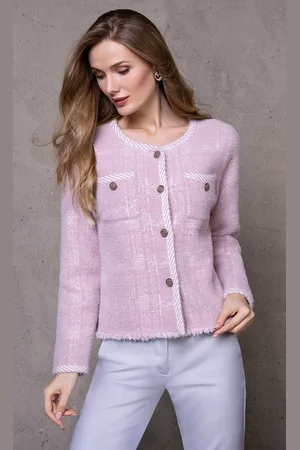 Passioni Strickjacke Kurze Jacke in Tweed-Optik mit gestreiftem Kontrastsaum - Verkäufer: Passion Mode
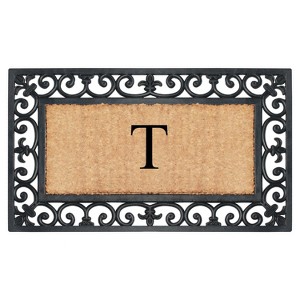 A1HC Natural Rubber & Coir 18x30, Monogrammed Doormat For Outdoor Entrance, Anti-Shed Treated Mat - 1 of 4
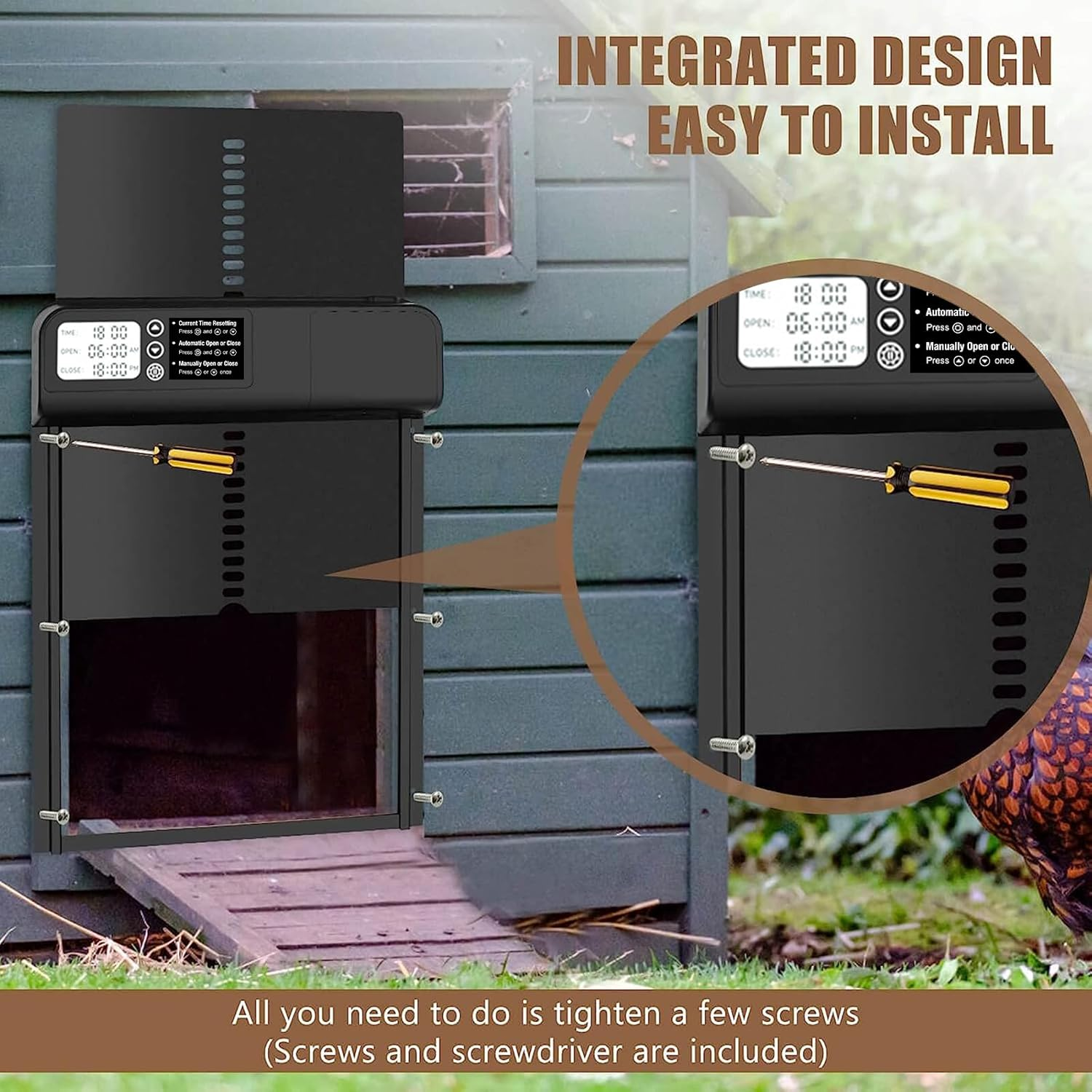 Automatic Chicken Coop Door, Chicken Coop Door Opener with Timer Control, Battery Powered Automatic Chicken Door, Full Aluminum with LCD Screen Water Proof image number 6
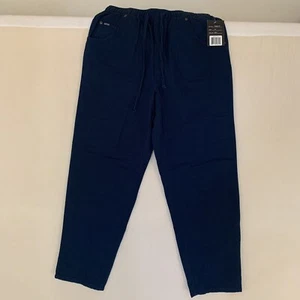 Blassport Cotton Elastic Waist Pull-On Pants Womens Size 10 Missy Navy Blue NWT - Picture 1 of 8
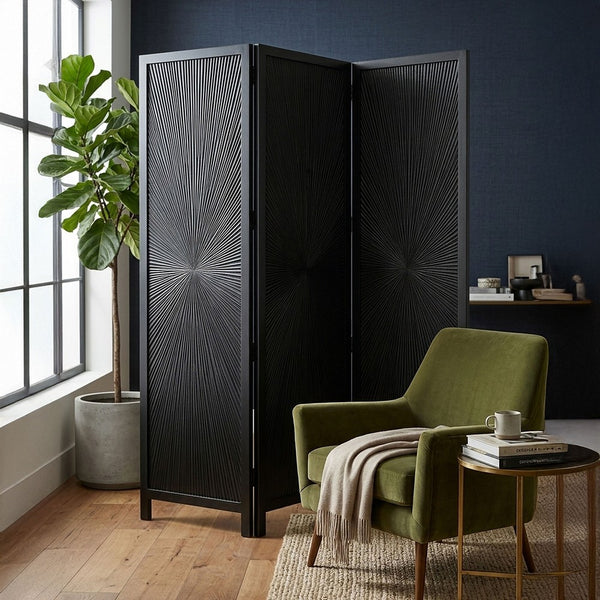 Cava 3 Panel Folding Room Divider Screen, Sunburst Design, Black Mango Wood, 60x72 Inch - UPT-339547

* _WHAT IS EXPECTED_: Pictures are not part of the copy. Extract exactly the lines from the line containing "A1HC Natural Rubber" through the final line of the entries above, both included.

* _FINISHED TASK_:
 A1HC Natural Rubber & Coir 18x30, Monogrammed Doormat For Outdoor Entrance, Anti-Shed Treated Mat - 1 of 4
 Automatic Chicken Coop Door, Chicken Coop Door Opener with Timer Control, Battery Powered Automatic Chicken Door, Full Aluminum with LCD Screen Water Proof image number 6
 Blassport Cotton Elastic Waist Pull-On Pants Womens Size 10 Missy Navy Blue NWT - Picture 1 of 8
 Cava 3 Panel Folding Room Divider Screen, Sunburst Design, Black Mango Wood, 60x72 Inch - UPT-339547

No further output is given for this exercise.